Chapter 19, Problem 19.113QA

Interpretation Introduction

To calculate:

 $∆H{°}_{rxn}$ for the given reactions of methanogenic bacteria.

Answer to Problem 19.113QA

Solution:

a) $∆H{°}_{rxn}=16.2 kJ$

b) $∆H{°}_{rxn}=-126.9 kJ$

Explanation of Solution

1) Concept:

We are given two balanced reactions of methanogenic bacteria and asked to find the $∆H{°}_{rxn}$ for each given reaction. We can find the standard enthalpy formation values for $C{H}_4\left(g\right), C{O}_2\left(g\right), C{H}_{3}COOH \left(l\right)and H_{2}O\left(l\right)\_ can find out the standard enthalpy formation values for$ from the Appendix and find the standard enthalpy for the reaction using the following equation:

$∆H{°}_{rxn}= \sum n_{products}∆H_{f, products}^0- \sum n_{reactants}∆H_{f, reactants}^0$

2) Formula:

$∆H{°}_{rxn}= \sum n_{products}∆H_{f, products}^0- \sum n_{reactants}∆H_{f, reactants}^0$

3) Given:

i) Standard enthalpy formation value for formic acid $∆H{°}_f=-425.0 kJ/mol$

ii) Standard enthalpy formation value for $C{H}_4\left(g\right)= -74.8 kJ/mol$(from Appendix 4)

iii) Standard enthalpy formation value for $C{O}_2\left(g\right)= -393.5 kJ/mol$(from Appendix 4)

iv) Standard enthalpy formation value for $H_{2}O\left(l\right)= -285.8 kJ/mol$(from Appendix 4)

v) Standard enthalpy formation value for $C{H}_{3}COOH\left(l\right)= -484.5 kJ/mol$(from Appendix 4)

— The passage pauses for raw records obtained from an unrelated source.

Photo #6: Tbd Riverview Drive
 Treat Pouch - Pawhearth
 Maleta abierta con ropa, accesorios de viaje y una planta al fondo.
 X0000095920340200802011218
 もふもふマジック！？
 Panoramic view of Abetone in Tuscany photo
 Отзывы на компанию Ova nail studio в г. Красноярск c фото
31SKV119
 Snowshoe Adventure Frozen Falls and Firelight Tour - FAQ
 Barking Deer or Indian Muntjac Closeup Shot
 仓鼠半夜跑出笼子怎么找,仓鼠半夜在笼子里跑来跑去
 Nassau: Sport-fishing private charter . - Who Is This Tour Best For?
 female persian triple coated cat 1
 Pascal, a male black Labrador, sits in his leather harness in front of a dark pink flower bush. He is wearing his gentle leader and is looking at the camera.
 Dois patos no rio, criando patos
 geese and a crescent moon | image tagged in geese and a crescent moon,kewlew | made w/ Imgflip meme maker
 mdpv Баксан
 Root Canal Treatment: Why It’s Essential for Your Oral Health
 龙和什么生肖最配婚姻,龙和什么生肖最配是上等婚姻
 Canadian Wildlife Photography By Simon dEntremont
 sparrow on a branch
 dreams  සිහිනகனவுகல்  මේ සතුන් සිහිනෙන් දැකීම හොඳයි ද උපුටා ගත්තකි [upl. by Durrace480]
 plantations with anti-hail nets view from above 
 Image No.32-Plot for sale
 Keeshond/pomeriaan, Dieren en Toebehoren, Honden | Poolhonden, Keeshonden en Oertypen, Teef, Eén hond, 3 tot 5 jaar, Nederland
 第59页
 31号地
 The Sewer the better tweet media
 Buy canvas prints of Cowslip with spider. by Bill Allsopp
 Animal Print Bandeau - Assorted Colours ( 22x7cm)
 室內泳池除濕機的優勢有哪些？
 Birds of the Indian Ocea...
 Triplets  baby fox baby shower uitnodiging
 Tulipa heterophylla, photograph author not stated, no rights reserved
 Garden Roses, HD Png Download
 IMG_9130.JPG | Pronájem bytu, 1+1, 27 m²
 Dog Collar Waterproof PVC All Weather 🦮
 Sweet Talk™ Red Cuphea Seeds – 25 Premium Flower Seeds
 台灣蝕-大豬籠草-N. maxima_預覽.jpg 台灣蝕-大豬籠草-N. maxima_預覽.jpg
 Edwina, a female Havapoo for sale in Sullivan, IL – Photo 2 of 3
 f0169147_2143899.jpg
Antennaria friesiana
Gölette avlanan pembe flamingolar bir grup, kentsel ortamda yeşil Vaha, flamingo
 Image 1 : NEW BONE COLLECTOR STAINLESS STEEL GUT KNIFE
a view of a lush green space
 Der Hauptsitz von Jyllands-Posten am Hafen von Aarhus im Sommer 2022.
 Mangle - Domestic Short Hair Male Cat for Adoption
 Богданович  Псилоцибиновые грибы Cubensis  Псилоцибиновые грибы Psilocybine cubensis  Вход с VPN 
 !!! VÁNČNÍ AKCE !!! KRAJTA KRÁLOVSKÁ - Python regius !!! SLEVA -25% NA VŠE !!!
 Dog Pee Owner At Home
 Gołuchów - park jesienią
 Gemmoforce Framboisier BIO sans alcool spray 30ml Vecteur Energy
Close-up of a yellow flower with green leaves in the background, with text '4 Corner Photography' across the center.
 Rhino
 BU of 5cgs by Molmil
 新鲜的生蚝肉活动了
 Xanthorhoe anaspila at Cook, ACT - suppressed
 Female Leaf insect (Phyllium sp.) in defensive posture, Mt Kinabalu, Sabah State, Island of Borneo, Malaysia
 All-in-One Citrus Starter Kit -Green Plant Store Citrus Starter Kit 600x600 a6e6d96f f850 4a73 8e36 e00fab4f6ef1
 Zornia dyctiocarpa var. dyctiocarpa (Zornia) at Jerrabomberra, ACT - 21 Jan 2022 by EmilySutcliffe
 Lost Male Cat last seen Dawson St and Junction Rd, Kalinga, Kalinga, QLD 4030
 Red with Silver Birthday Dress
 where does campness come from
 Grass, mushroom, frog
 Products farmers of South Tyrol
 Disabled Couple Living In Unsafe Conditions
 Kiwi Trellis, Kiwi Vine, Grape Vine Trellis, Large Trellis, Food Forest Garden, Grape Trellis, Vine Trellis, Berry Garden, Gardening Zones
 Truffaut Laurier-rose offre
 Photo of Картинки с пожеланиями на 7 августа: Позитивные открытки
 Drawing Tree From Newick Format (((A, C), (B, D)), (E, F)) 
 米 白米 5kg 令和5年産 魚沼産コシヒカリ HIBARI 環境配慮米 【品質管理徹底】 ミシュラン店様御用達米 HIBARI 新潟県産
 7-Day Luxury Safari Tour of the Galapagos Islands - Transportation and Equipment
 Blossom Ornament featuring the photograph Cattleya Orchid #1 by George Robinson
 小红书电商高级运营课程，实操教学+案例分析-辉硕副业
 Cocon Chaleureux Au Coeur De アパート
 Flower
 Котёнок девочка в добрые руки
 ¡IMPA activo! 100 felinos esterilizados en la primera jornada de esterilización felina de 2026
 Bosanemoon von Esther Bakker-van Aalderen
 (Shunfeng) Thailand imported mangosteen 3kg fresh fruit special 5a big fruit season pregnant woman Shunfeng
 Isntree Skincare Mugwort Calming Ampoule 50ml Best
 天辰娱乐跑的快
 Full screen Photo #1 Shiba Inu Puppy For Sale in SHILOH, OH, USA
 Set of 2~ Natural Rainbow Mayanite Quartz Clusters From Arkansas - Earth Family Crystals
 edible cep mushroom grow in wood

vi) $C{H}_{3}COOH \left(l\right)\to C{H}_4\left(g\right)+C{O}_2\left(g\right)$

vii) $4HCOOH\left(l\right)\to C{H}_4\left(g\right)+3C{O}_2\left(g\right)+2H_{2}O\left(l\right)$

4) Calculations:

(1) Calculating standard enthalpy for the first given reaction:

$C{H}_{3}COOH \left(l\right)\to C{H}_4\left(g\right)+C{O}_2\left(g\right)$

Calculating $∆H{°}_{rxn}$ for this reaction using the formula:

$∆H{°}_{rxn}= \sum n_{products}∆H_{f, products}^0- \sum n_{reactants}∆H_{f, reactants}^0$

Plugging in the values in the equation, we get:

$∆H{°}_{rxn}=\left[\left(1mol C{H}_4\times \frac{-74.8kJ}{mol C{H}_4}\right)+ \left(1mol C{O}_2\times \frac{-393.5kJ}{mol C{O}_2}\right)\right]-\left[\left(1 mol C{H}_{3}COOH\times \frac{-484.5kJ}{mol C{H}_{3}COOH}\right)\right]$

$∆H{°}_{rxn}=\left(-468.3 kJ\right)-\left(-484.5 kJ\right)$

$∆H{°}_{rxn}= -468.3 kJ+484.5 kJ=16.2kJ$

2) Calculating standard enthalpy for second reaction:

$4HCOOH\left(l\right)\to C{H}_4\left(g\right)+3C{O}_2\left(g\right)+2H_{2}O\left(l\right)$

$∆H{°}_{rxn}= \sum n_{products}∆H_{f, products}^0- \sum n_{reactants}∆H_{f, reactants}^0$

Plugging in the values in the equation, we get:

$∆H{°}_{rxn}=\left[\left(2mol{H}_{2}O\times \frac{-285.8kJ}{mol{H}_{2}O}\right)+ \left(3mol C{O}_2\times \frac{-393.5kJ}{mol C{O}_2}\right)+(1mol C{H}_4 \times \frac{-74.8kJ}{mol C{H}_4}\right]-\left[\left(4 mol HCOOH \times \frac{-425.0kJ}{mol HCOOH}\right)\right]$

$∆H{°}_{rxn}=\left(-571.6 kJ -1180.5 kJ-74.8 kJ\right)-\left(-1700 kJ \right)$

$∆H{°}_{rxn}= -1826.9 kJ+1700kJ=-126.9 kJ$

Conclusion:

Using standard enthalpy values from Appendix 4, we calculated the enthalpy of reactions of methanogenic bacteria.